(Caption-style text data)
»»

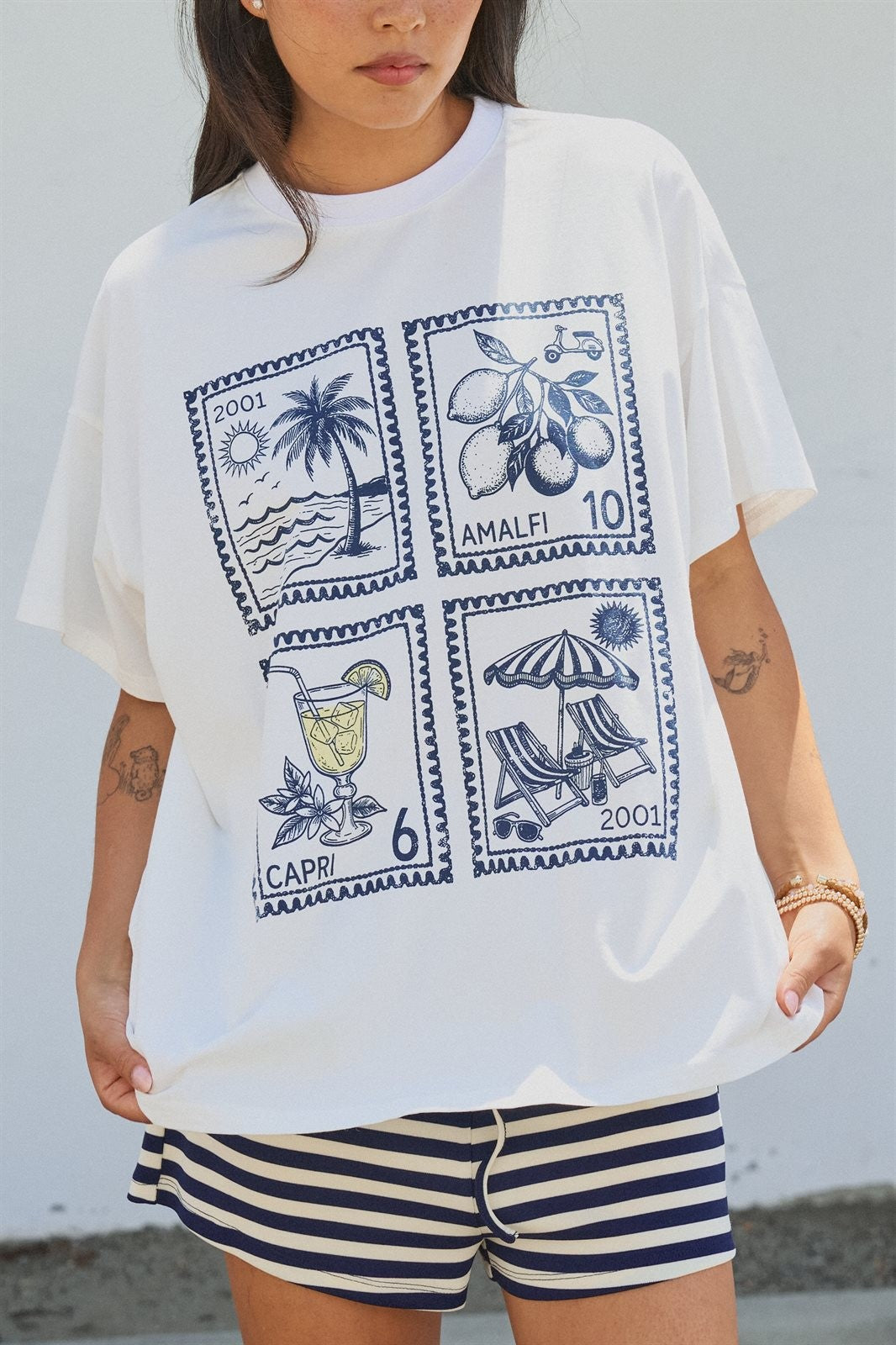 Amalfi Capri Postage Stamp Graphic Tee in Italian Summer in White - Women's Fashion | Urban Daizy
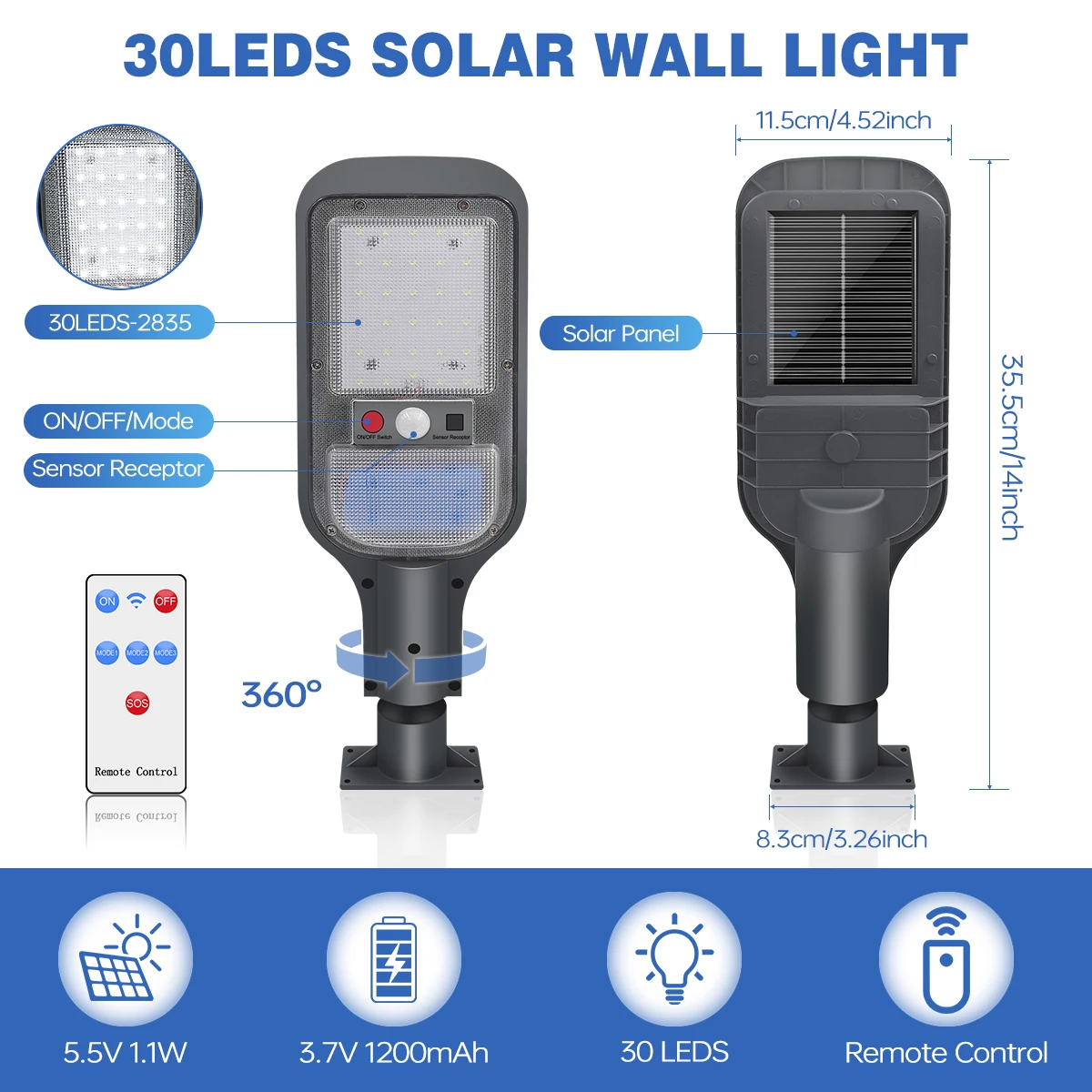 Solar Street Light Outdoor Solar Light Waterproof LED Flood Lights Dusk to Dawn with Motion Sensor Parking Lot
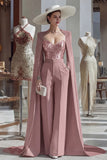 Cabernet Sparkly Long Sleeves Mother of the Bride Jumpsuits with Pockets
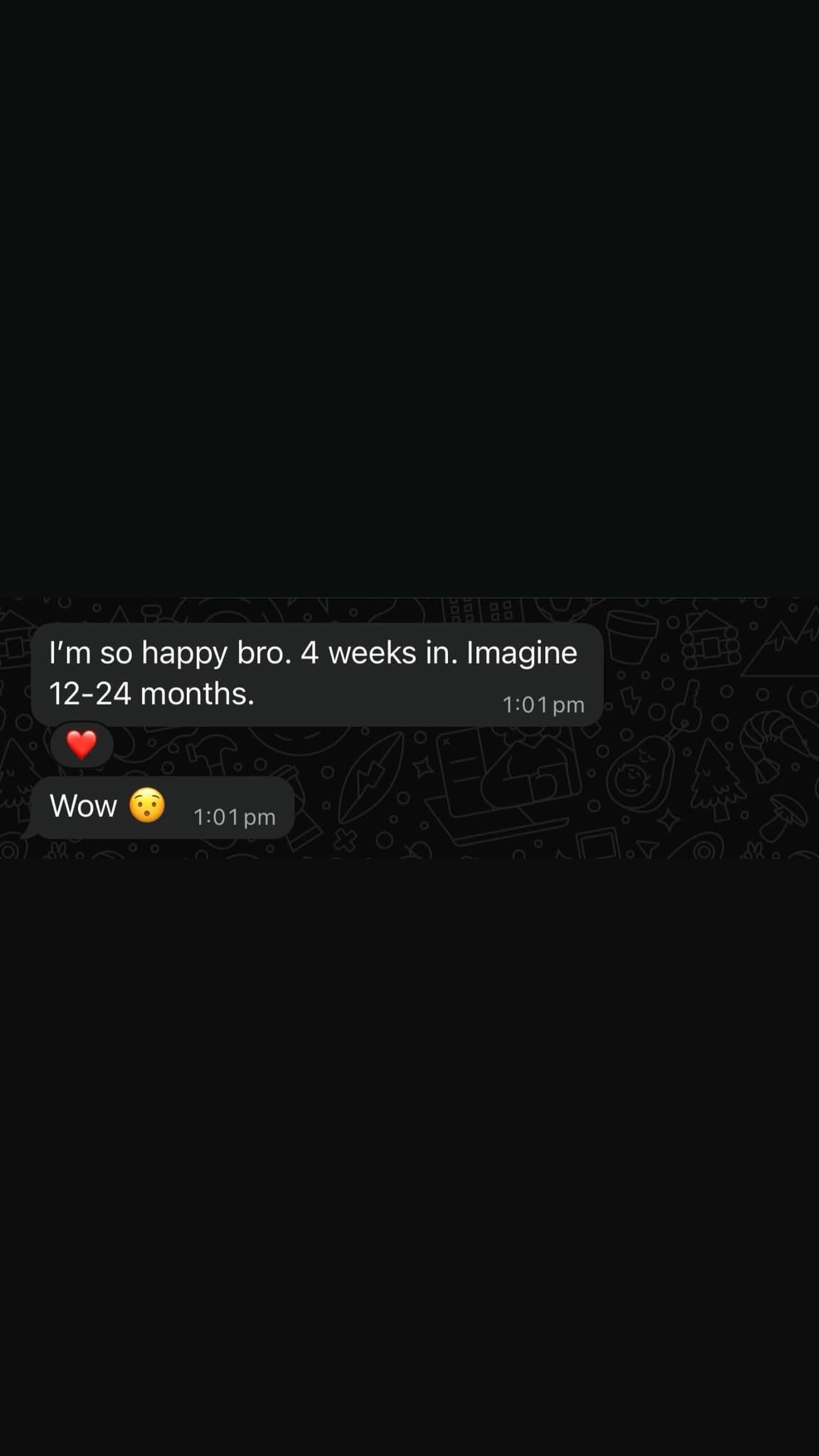 Real client message, 4 weeks in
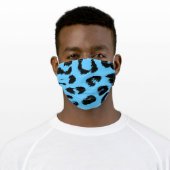 Blue and Black Leopard Print Adult Cloth Face Mask (Worn)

««

WHAT THE EXERCISE ASKS: Print each entry above verbatim, pictures left out.

EXERCISE SOLUTION:
 Amalfi Capri Postage Stamp Graphic Tee in Italian Summer in White - Women's Fashion | Urban Daizy
 Solar Street Light Outdoor Solar Light Waterproof LED Flood Lights Dusk to Dawn with Motion Sensor Parking Lot
 Cabernet Sparkly Long Sleeves Mother of the Bride Jumpsuits with Pockets
 Real client message, 4 weeks in
 Blue and Black Leopard Print Adult Cloth Face Mask (Worn)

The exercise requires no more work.